Radonic V, Baric D, Petricevic A, Kovacevic H, Sapunar D, Glavina-Durdov M
Surgical Clinic, Split Clinical Hospital Centre, Croatia.
Br J Surg. 1995 Jun;82(6):777-83. doi: 10.1002/bjs.1800820620.
Twenty-eight patients with military crural vascular injuries are presented. In the group undergoing immediate repair (21 patients), the time interval between trauma and surgery was 20 min to 30 h (mean 8 h 30 min). In those receiving delayed repair (seven patients), the interval between trauma and surgery was 3-47 (mean 14) days. Hyperbaric oxygenation therapy was used in conjunction with surgery and antibiotic therapy in 13 of the 28 patients. Explosive injuries were found in 14 patients and high-velocity missile injuries in nine; associated fractures were present in 20. Twenty of the 28 patients with crural vascular injuries had combined arterial and venous injuries, while eight had isolated arterial injuries. Twenty-five patients with distal ischaemia required arterial repair; five late amputations resulted. Military crural vascular injuries should be treated with soft tissue debridement, removal of foreign material, and microvascular arterial and concomitant vein reconstruction. This should be followed by external skeletal stabilization for bony and/or soft tissue instability, with fasciotomy for any associated compartment syndrome. The wound should be left open, with delayed closure or split skin grafting. It was felt that hyperbaric oxygen therapy reduced the amputation rate following combat-related crural vessel injuries.
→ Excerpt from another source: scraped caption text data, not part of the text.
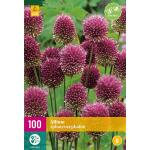 Allium sphaerocephalon sierui  (100 stuks)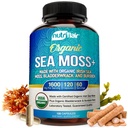NutriFlair Bio Sea Moss 1600mg, 120 Kapseln Plus Bladderwrack & Burdock - Prebiotic Super Food - Immunsystem & Digestive Health - Schilddrüse, Gesunde Haut, Keto Detox, Gut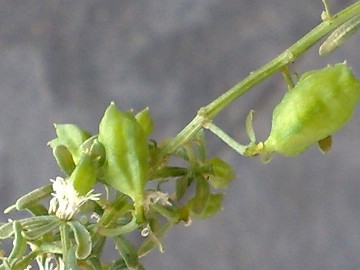 Reseda phyteuma / Reseda selvatica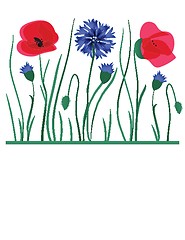 Image showing Spring card with beauty poppies.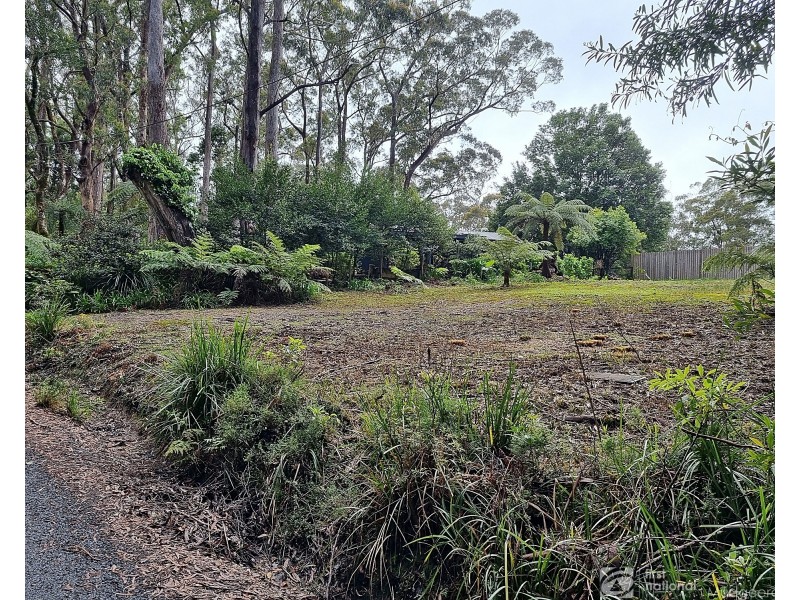 13 Banksia Road, Springbrook QLD 4213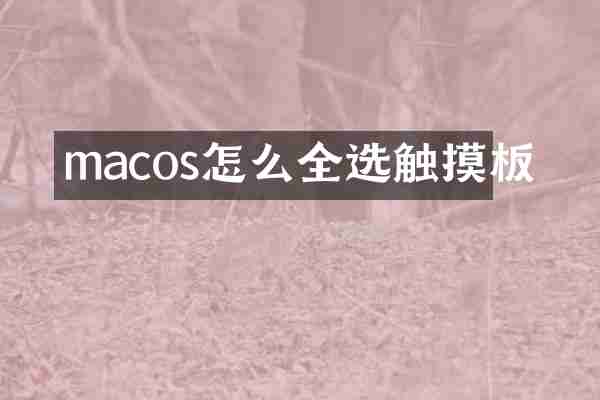 macos怎么全选触摸板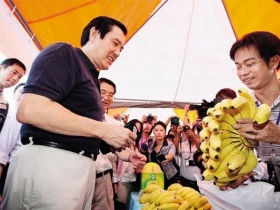 不識蕉農苦馬英九團隊「不食人間煙火」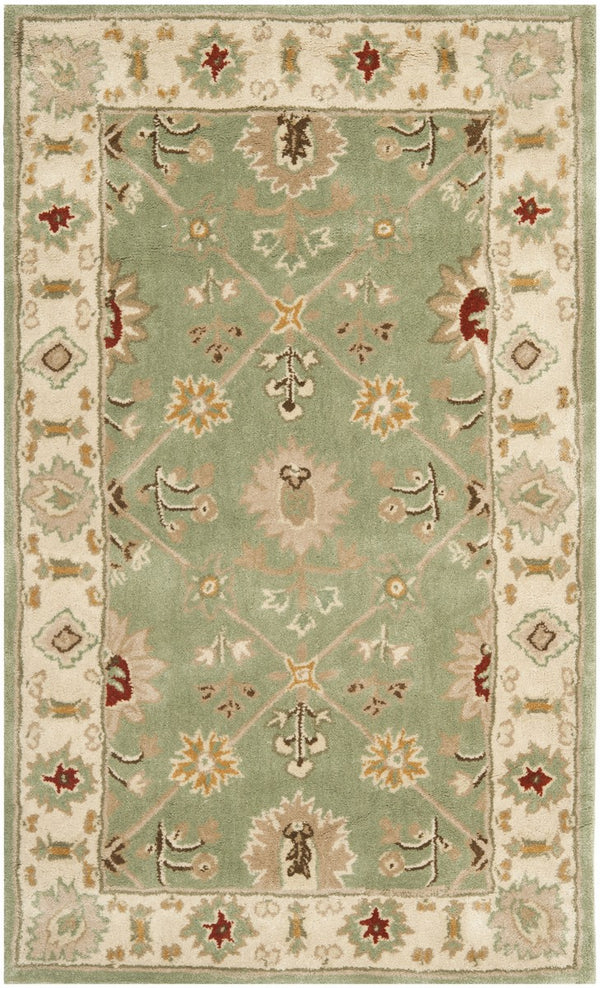 Safavieh Total TLP723 Hand Hooked Rug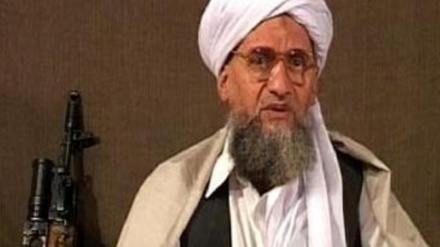 کشته شدن رهبر القاعده؛ هیاهو برای هیچ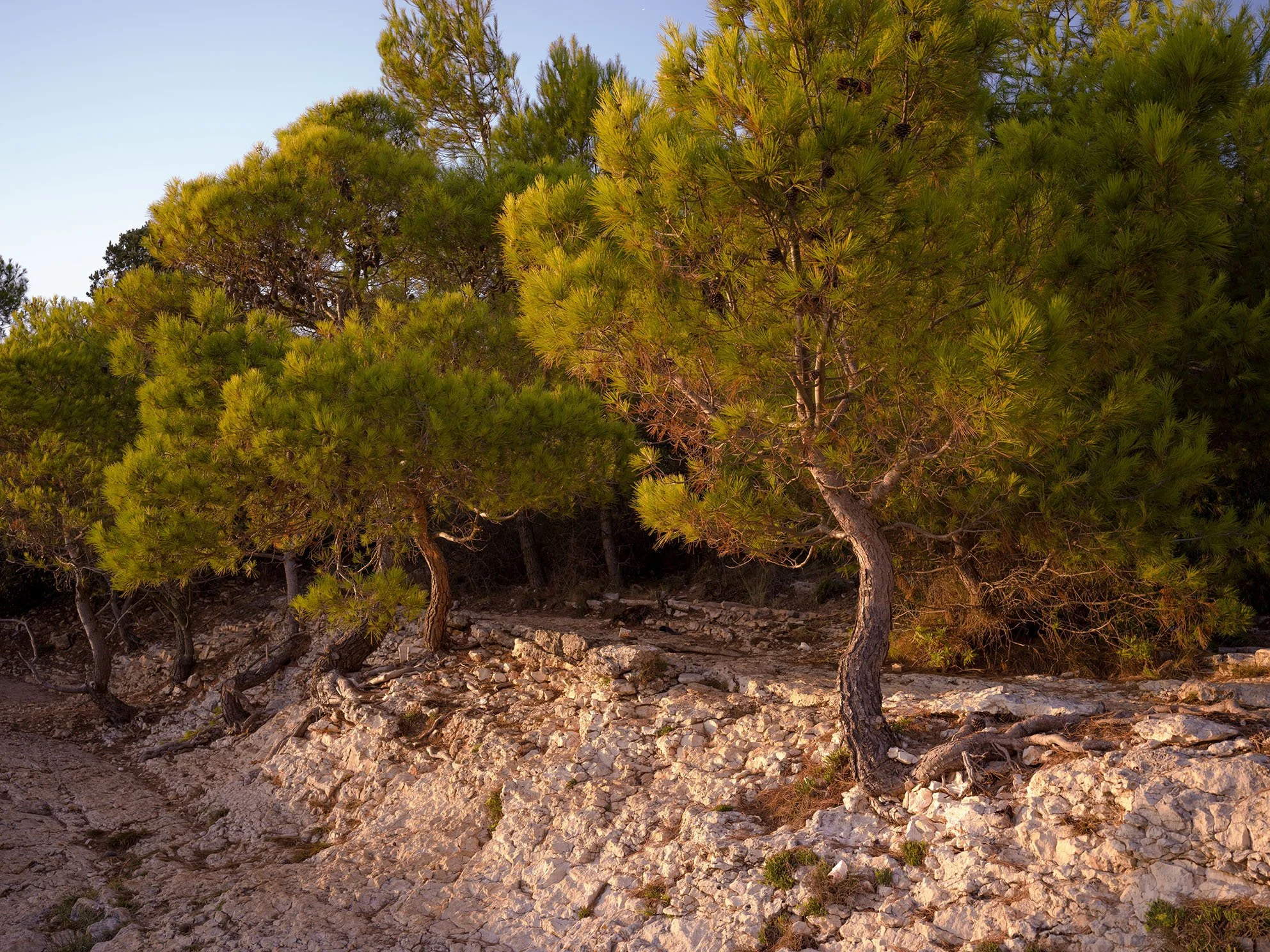 Kap Kamenjak_10.jpeg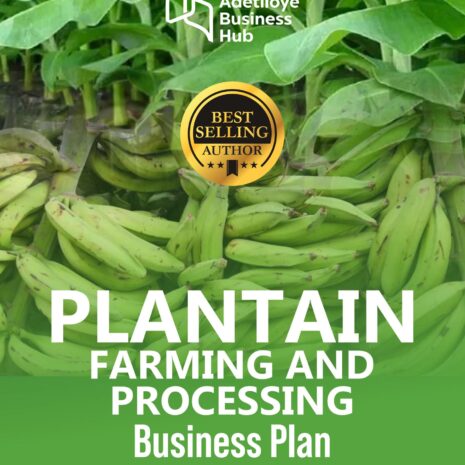 061-scaled 061-scaled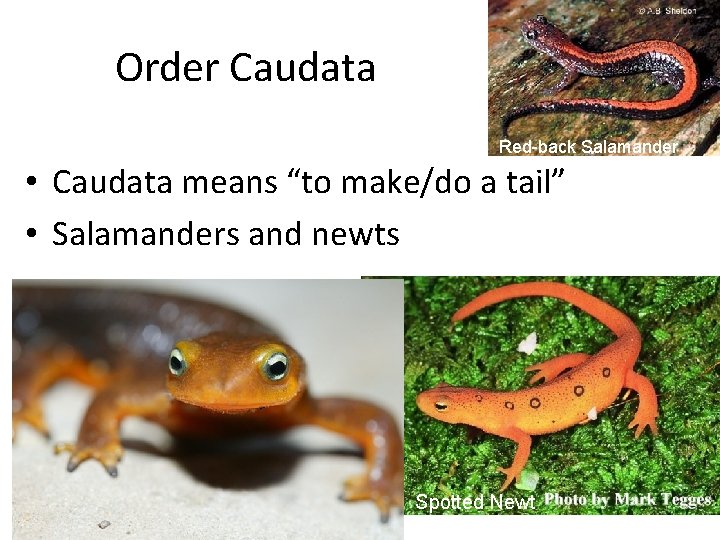 Order Caudata Red-back Salamander • Caudata means “to make/do a tail” • Salamanders and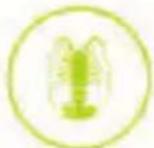 Nutrichef NCVK9112BGR - What Can be Disposed? - 6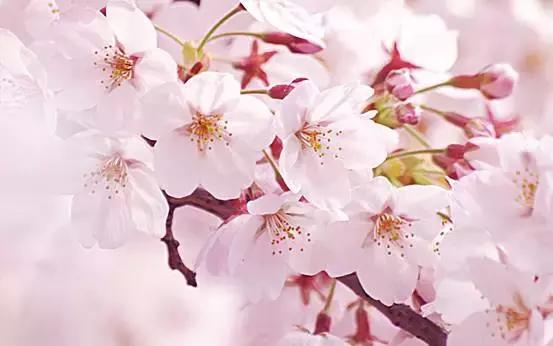 樱花开花日语怎么说,樱花凋落日语叫什么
本文介绍了28例军事性小腿血管损伤患者。在接受即刻修复的组(21例患者)中,创伤与手术之间的时间间隔为20分钟至30小时(平均8小时30分钟)。在接受延迟修复的患者(7例)中,创伤与手术之间的间隔为3 - 47天(平均14天)。28例患者中有13例在手术和抗生素治疗的同时使用了高压氧治疗。14例患者为爆炸伤,9例为高速导弹伤;20例伴有骨折。28例小腿血管损伤患者中,20例合并动脉和静脉损伤,8例为单纯动脉损伤。25例远端缺血患者需要进行动脉修复;5例患者最终截肢。军事性小腿血管损伤应采用软组织清创、清除异物以及微血管动脉和伴行静脉重建进行治疗。随后应对骨骼和/或软组织不稳定进行外固定架固定,对任何相关的骨筋膜室综合征进行筋膜切开术。伤口应敞开,延迟缝合或进行植皮。人们认为高压氧治疗降低了与战斗相关的小腿血管损伤后的截肢率。